Wednesday, August 29, 2007
Richmond Philharmonic's new conductor and season
Robert Mirakian, a Chicago-based conductor, has been named the new music director of the Richmond Philharmonic, the city's principal community orchestra.
A Connecticut native and graduate of Indiana University, the University of Illinois and Dartmouth College, Mirakian this summer became general manager and conductor of the Janiec Opera Company at the Brevard Music Center in North Carolina.
He will lead the philharmonic in four concerts at J.R. Tucker High School auditorium, 2910 Parham Road in Henrico County, and a holiday program at the James Center, Ninth and Cary streets in downtown Richmond:
* Oct. 28 (4 p.m., J.R. Tucker) – Sibelius: "Finlandia"; Weber: Clarinet Concerto No. 1 (Michael Goldberg, clarinet); Beethoven: Symphony No. 3 ("Eroica"). (Pre-concert talk at 3 p.m.)
* Dec. 3 (7 p.m., James Center) – "Home for the Holidays."
* March 9 (4 p.m., J.R. Tucker) – Fauré: "Pelléas et Mélisande"; Barber: "Knoxville, Summer of 1915" (Lisa Edwards-Burrs, soprano); Mussorgsky-Ravel: "Pictures at an Exhibition." (Pre-concert talk at 3 p.m.)
* May 4 (4 p.m., J.R. Tucker) – Rossini: "L'Italiana in Algeri" Overture; Richard Strauss: Horn Concerto No. 1 (Melissa Musulin, French horn); Rimsky-Korsakov: "Scheherazade." (Pre-concert talk at 3 p.m.)
* June 16 (time TBA, J.R. Tucker) – "Everday Classics" pops concert, with Tchaikovsky's "1812 Overture."
Admission is by donation ($5 per person, $10 per family suggested).
Information: (804) 673-7400.
Friday, August 24, 2007
Falletta reups in Norfolk
JoAnn Falletta, music director of the Norfolk-based Virginia Symphony since 1991, has renewed her contract with the orchestra through 2011.
Falletta also is music director of the Buffalo Philharmonic, a well-traveled guest conductor and a classical guitarist.
Thursday, August 23, 2007
Review: Trio la Milpa
Aug. 22, Grace Covenant Presbyterian Church, Richmond
The oboists of the Baltimore Symphony, who perform in a chamber trio named after a Mexican restaurant in South Richmond, just returned from a tour of Greenland.
For a full explanation, which I would want if I were you, follow this link:
http://www.styleweekly.com/article.asp?idarticle=14971
Katherine Needleman, Michael Lisicky and Sandra Gerster Lisicky made their debut as Trio la Milpa four years ago in the August Musicales series at Grace Covenant Presbyterian Church; so this concert was a return to the ensemble’s roots. Also a reunion, as many of their former colleagues in the Richmond Symphony were in the audience.
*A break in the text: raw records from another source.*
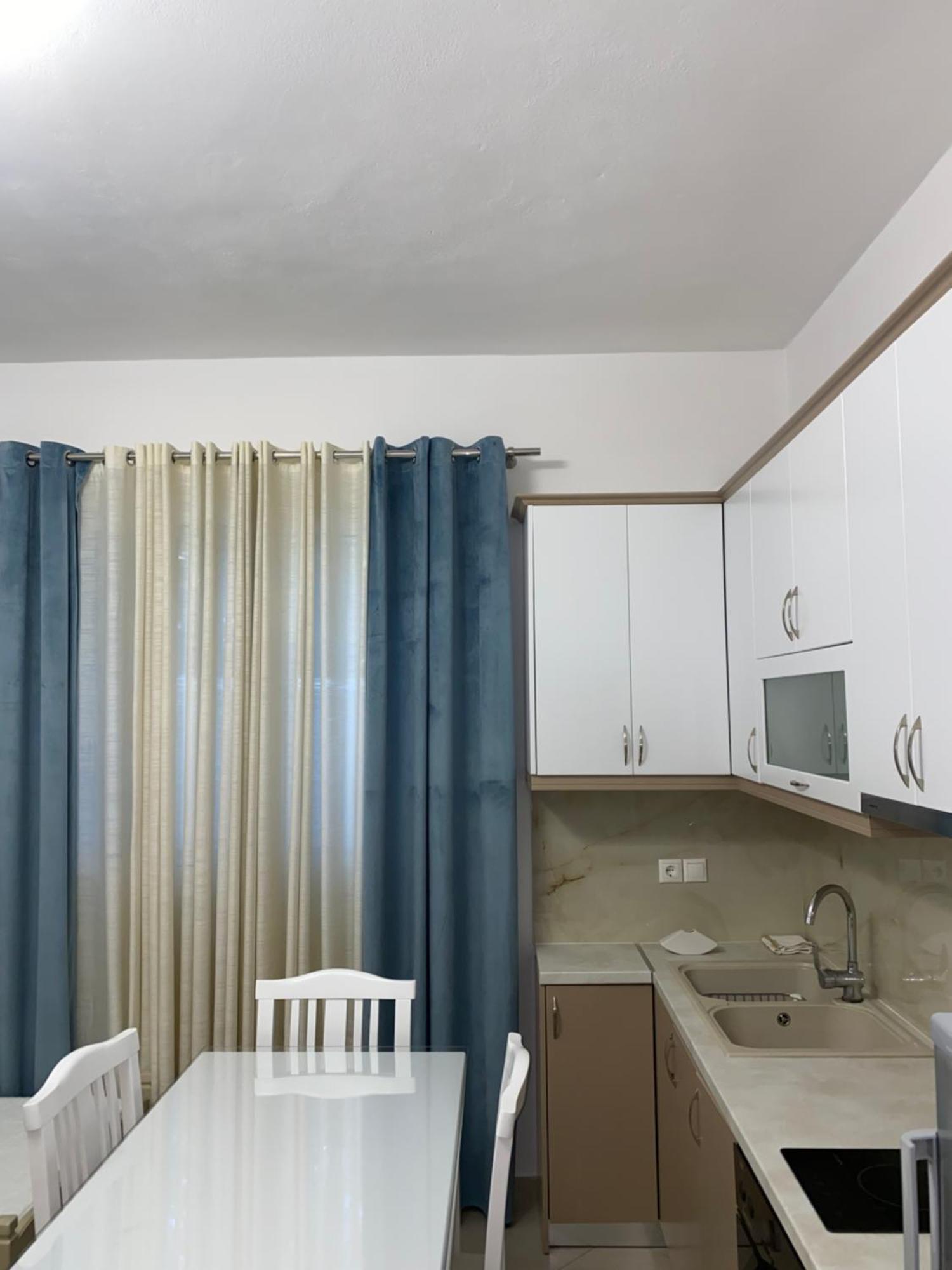 Lr Apartments Саранда Екстер'єр фото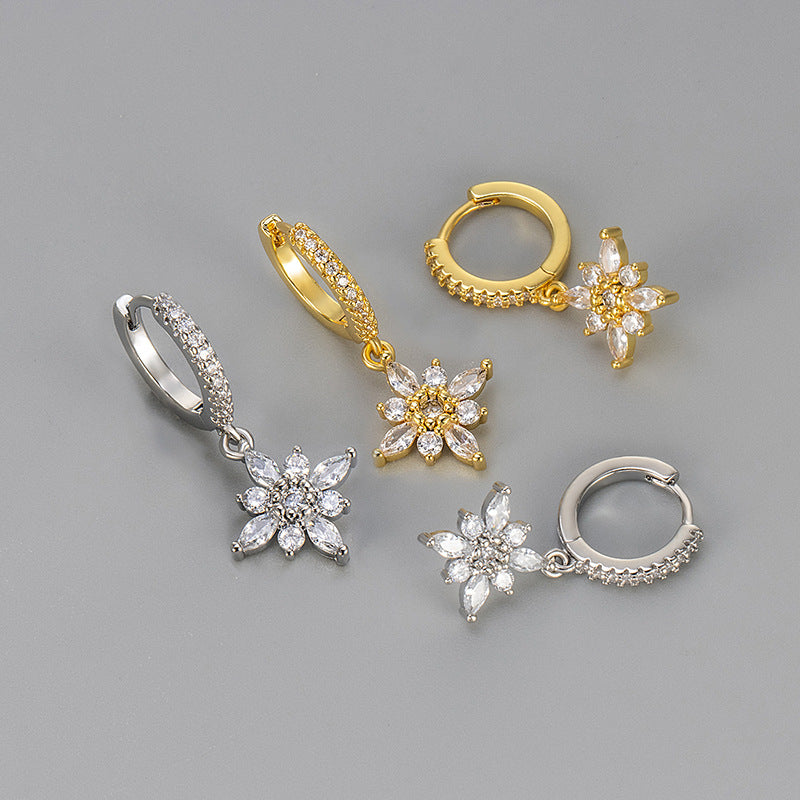 Diamond studded octagonal star ear clasp eprolo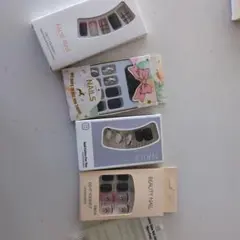 お買い得まとめ買い！ネイルチップ ４セット（各24個入り） 多様なデザイン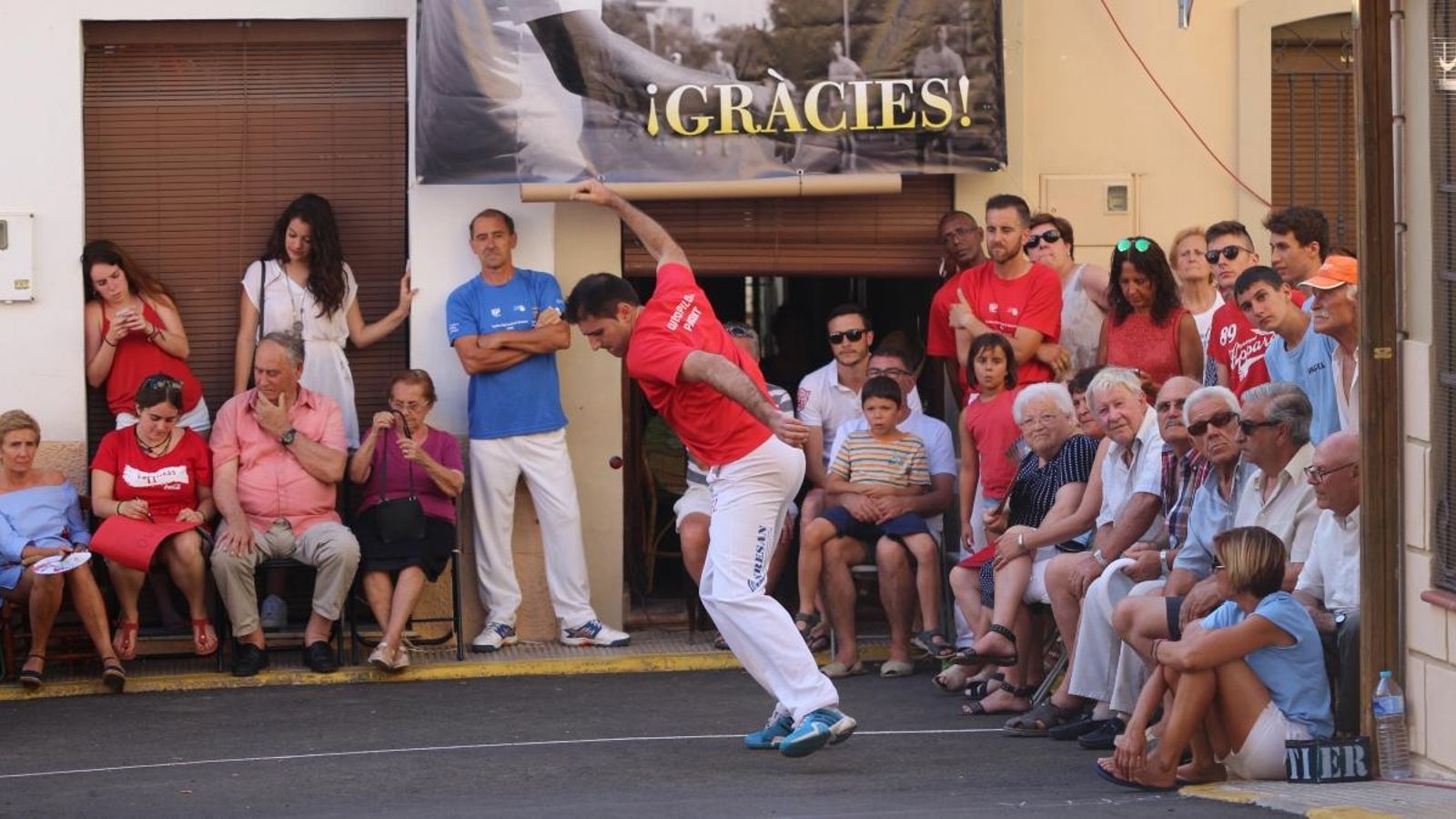 Les llargues és una de les modalitats del joc internacional
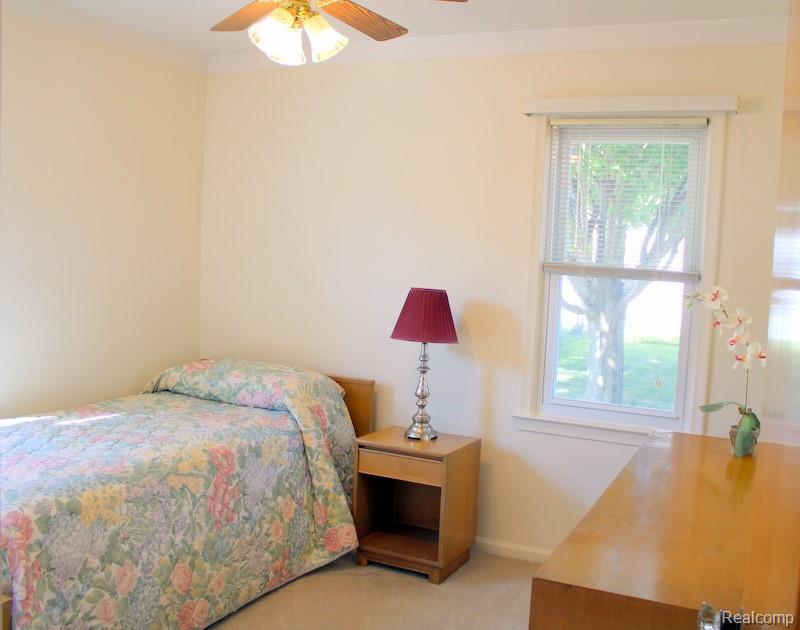 9854 Sterling Avenue, Allen Park, MI 48101 — Photo 22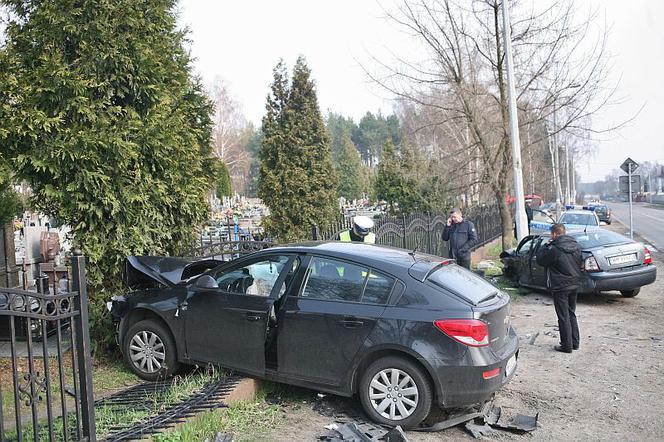 Samochodem wpadł na cmentarz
The oboe trio – usually, two oboes and an English horn – occupies a pretty obscure corner of chamber music. The nearest to "standard" repertory for this instrumentation is a pair of pieces written in 1795 by the 25-year-old Beethoven, the Trio in C major, Op. 87, and a set of variations on "La ci darem la mano," the aria from Mozart’s "Don Giovanni."
In this program, the "La ci darem" variations followed two arrangements, Needleman’s of the Concerto in G minor by Handel and David Bussick’s of Bartók’s piano suite "Nine Old Dance Tunes from ‘Tizenot magyar parasztdal’," and the Danish composer Jan Koetsier’s Variations and Fugue on "Buss und Reu," the great alto aria from Bach’s "St. Matthew Passion." An arrangement of "Song of the Greenland Whale Fisheries," prepared by Michael Lisicky for the tour, was played as an encore.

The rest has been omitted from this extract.